Task instructions: Each entry is to be given again precisely, and no picture may be carried over.

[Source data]

▬▬▬

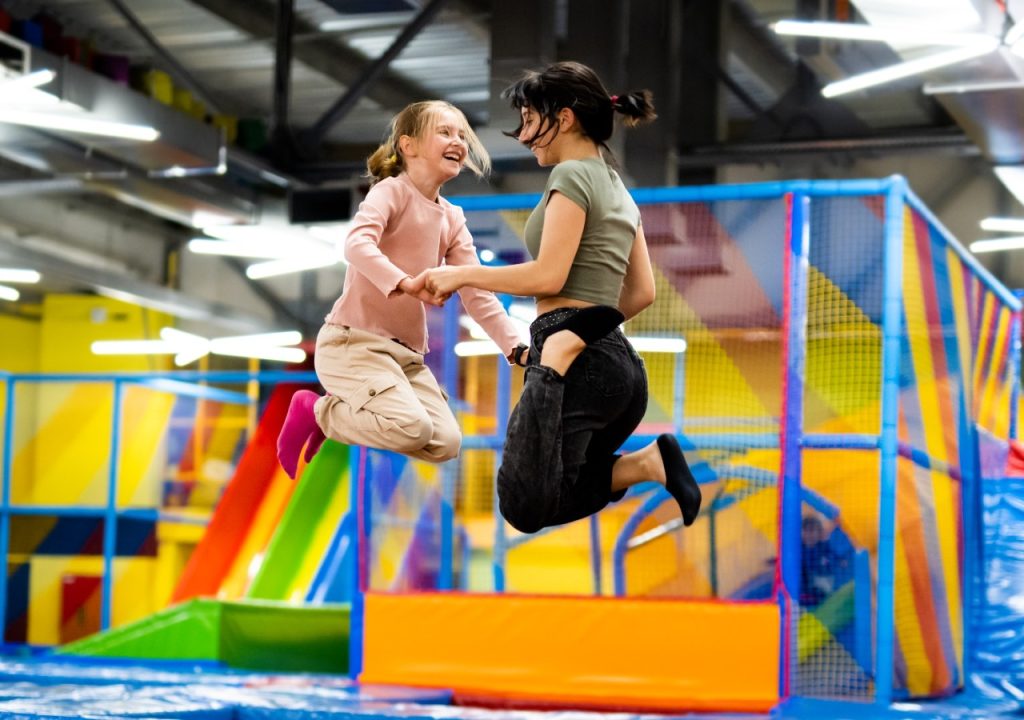 two girls playing on trampoline
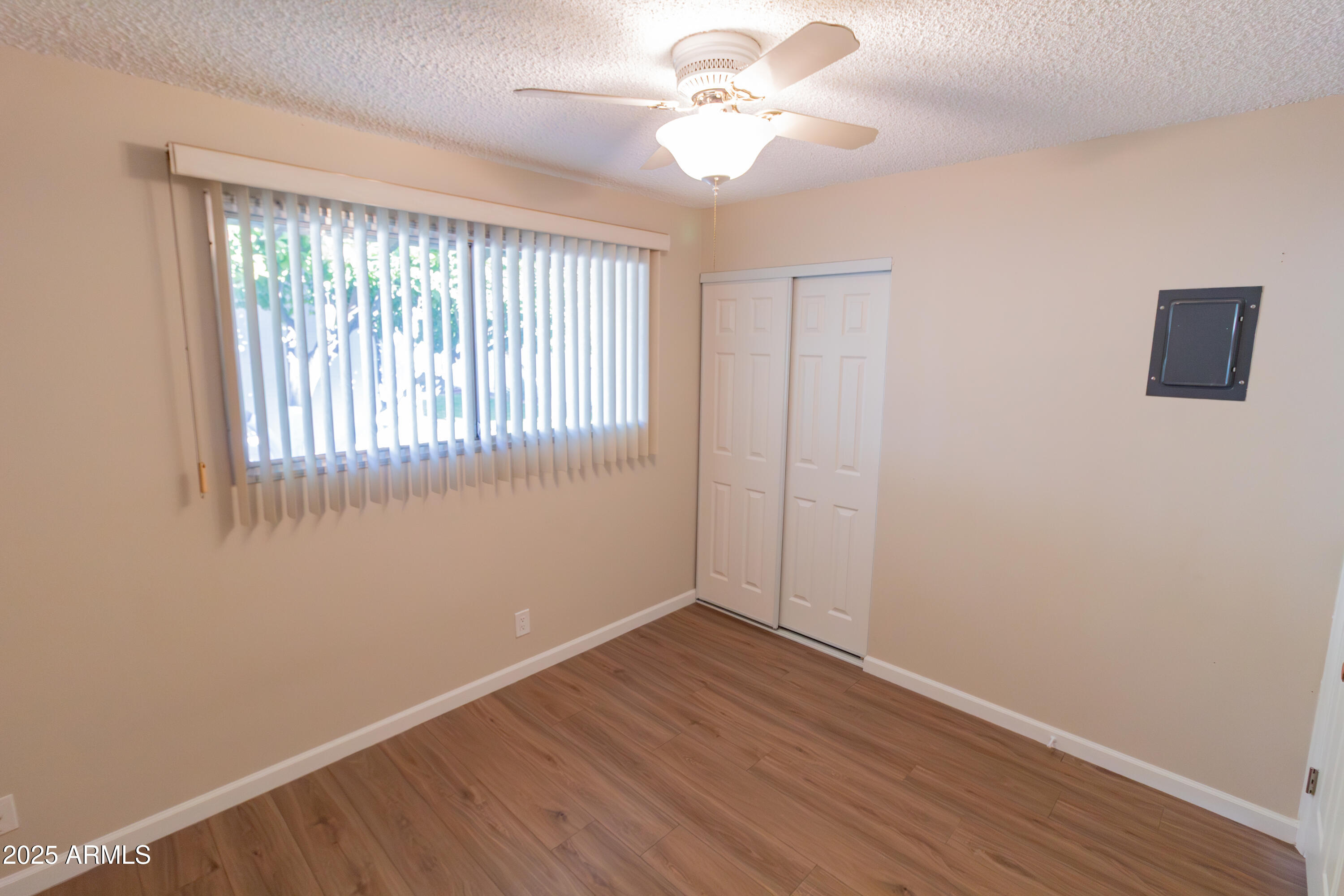 6721 East McDowell Road, Unit G304 Scottsdale, AZ 85257 - Photo 7 of 14 a view of an empty room with wooden floor and a window
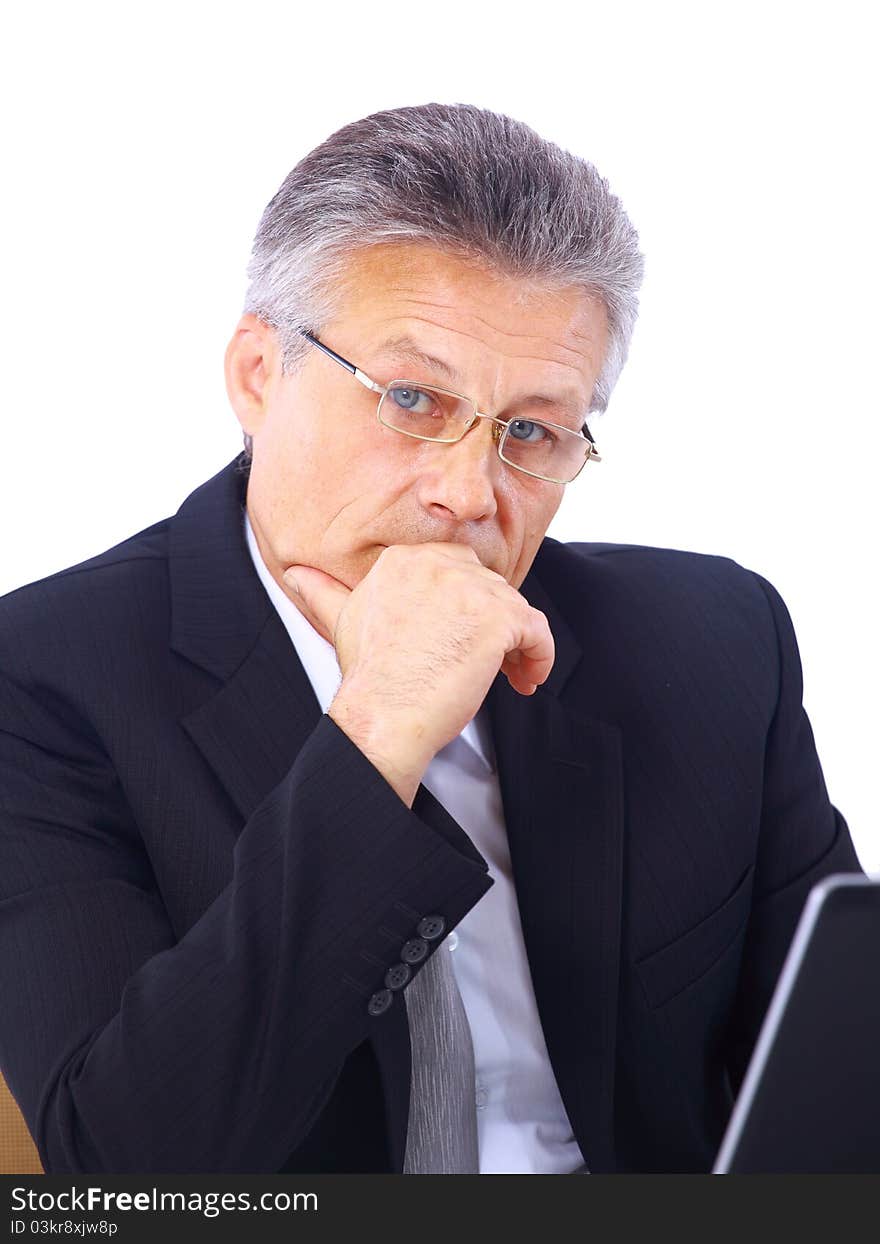 Senior business man working on laptop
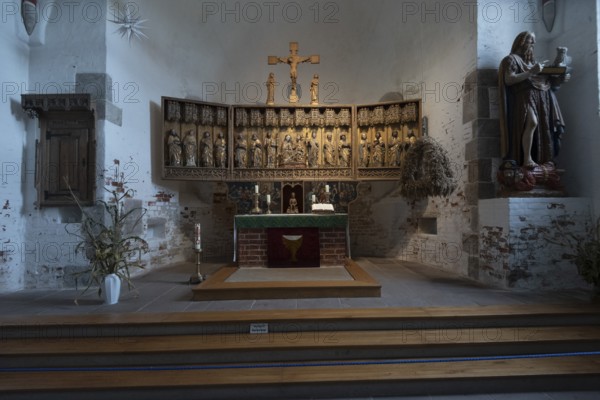 Carved altar in St John's Church, Nieblum, Föhr Island, Schleswig-Holstein, Germany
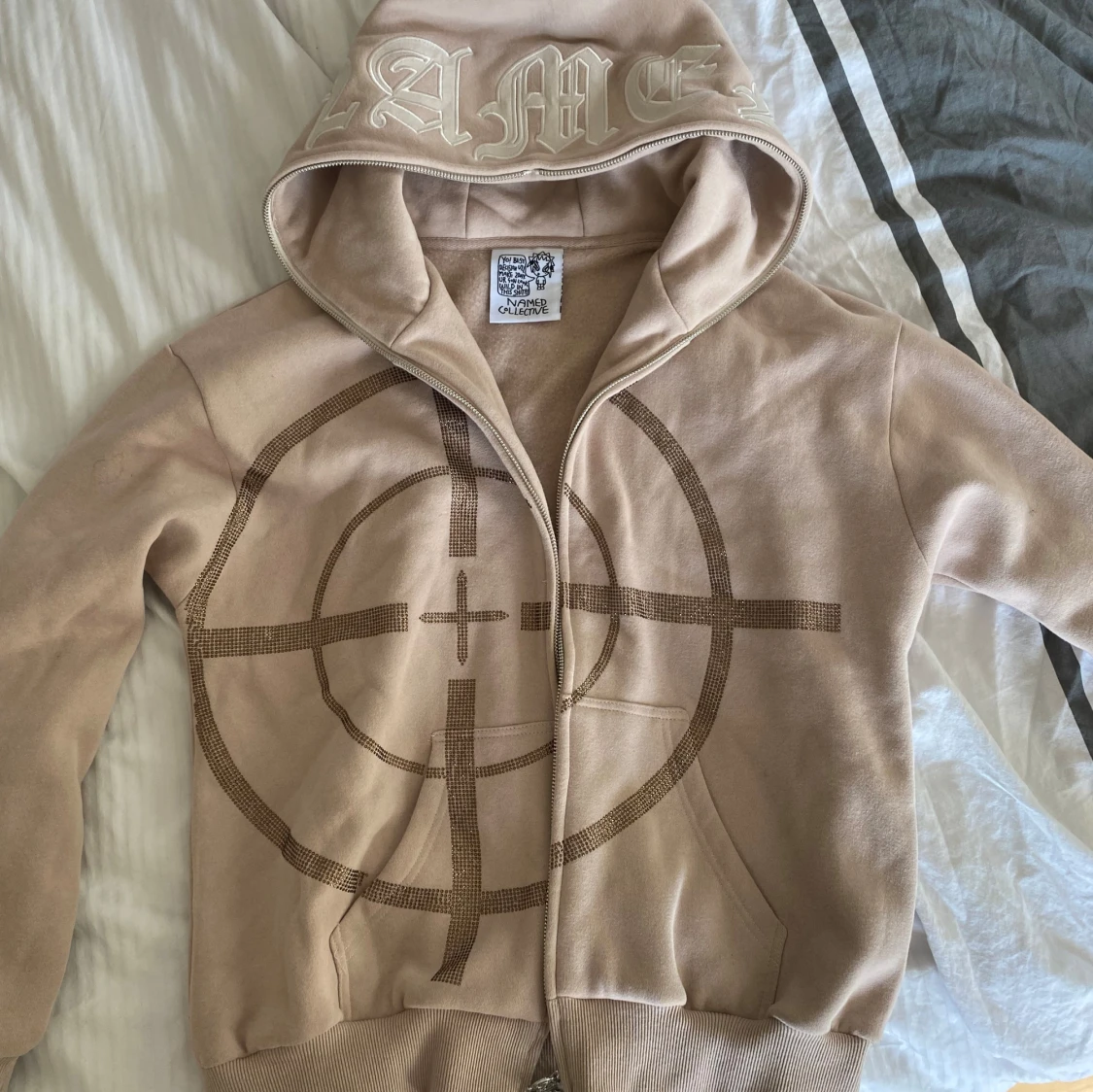 Named collective zip up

▬▬▬

Answer area:
 two girls playing on trampoline
 6721 East McDowell Road, Unit G304 Scottsdale, AZ 85257 - Photo 7 of 14 a view of an empty room with wooden floor and a window
 Senior business man working on laptop
 Carved altar in St John's Church, Nieblum, Föhr Island, Schleswig-Holstein, Germany
 Named collective zip up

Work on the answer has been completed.